190 hash_clean(bgp->tip_hash, bgp_tip_hash_free);
(gdb) list
185
186 void bgp_tip_hash_destroy(struct bgp *bgp)
187 {
188 if (bgp->tip_hash == NULL)
189 return;
190 hash_clean(bgp->tip_hash, bgp_tip_hash_free);
191 hash_free(bgp->tip_hash);
192 bgp->tip_hash = NULL;
193 }
Versions
- OS Version: Debian 11 / VyOS 1.4
- Kernel: 5.15.67
- FRR Version: 8.3.1
Additional context
what exactly is issuing the no router bgp ... command?
This is issued when the testcase is complete, we always wipe out the bgp config and start with a new config. I am able to reproduce the issue by randomly loading our artificial configurations, but it always crashes with a different configuration.
But what I always see is this line: Sep 19 21:06:07 BGP[818]: in thread bgp_conditional_adv_timer scheduled from bgpd/bgp_conditional_adv.c:186 bgp_conditional_adv_timer()
I can't trivially make it crash, but let's try this patch (wait for packages to be built or you can pull the branch) https://github.com/FRRouting/frr/pull/11979.
Btw, does it happen with previous versions too or not?
I will test that patch and report back.
You can find packages here: https://ci1.netdef.org/browse/FRR-PULLREQ2-7492/artifact
I have backported the change to stable/8.3 but I still get the crash.

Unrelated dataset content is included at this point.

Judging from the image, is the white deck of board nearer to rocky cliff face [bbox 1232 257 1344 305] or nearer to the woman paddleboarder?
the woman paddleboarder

Sep 21 20:59:20 BGP[925]: Received signal 11 at 1663786760 (si_addr 0x0, PC 0x55ca12be3de2); aborting...
Sep 21 20:59:20 BGP[925]: /usr/lib/x86_64-linux-gnu/frr/libfrr.so.0(zlog_backtrace_sigsafe+0x6d) [0x7f2439f50b4d]
Sep 21 20:59:20 BGP[925]: /usr/lib/x86_64-linux-gnu/frr/libfrr.so.0(zlog_signal+0xf5) [0x7f2439f50d45]
Sep 21 20:59:20 BGP[925]: /usr/lib/x86_64-linux-gnu/frr/libfrr.so.0(+0xcd6a1) [0x7f2439f7d6a1]
Sep 21 20:59:20 BGP[925]: /lib/x86_64-linux-gnu/libpthread.so.0(+0x13140) [0x7f2439d41140]
Sep 21 20:59:20 BGP[925]: /usr/lib/frr/bgpd(+0x1fade2) [0x55ca12be3de2]
Sep 21 20:59:20 BGP[925]: /usr/lib/x86_64-linux-gnu/frr/libfrr.so.0(thread_call+0x7d) [0x7f2439f8f43d]
Sep 21 20:59:20 BGP[925]: /usr/lib/x86_64-linux-gnu/frr/libfrr.so.0(frr_run+0xe8) [0x7f2439f49088]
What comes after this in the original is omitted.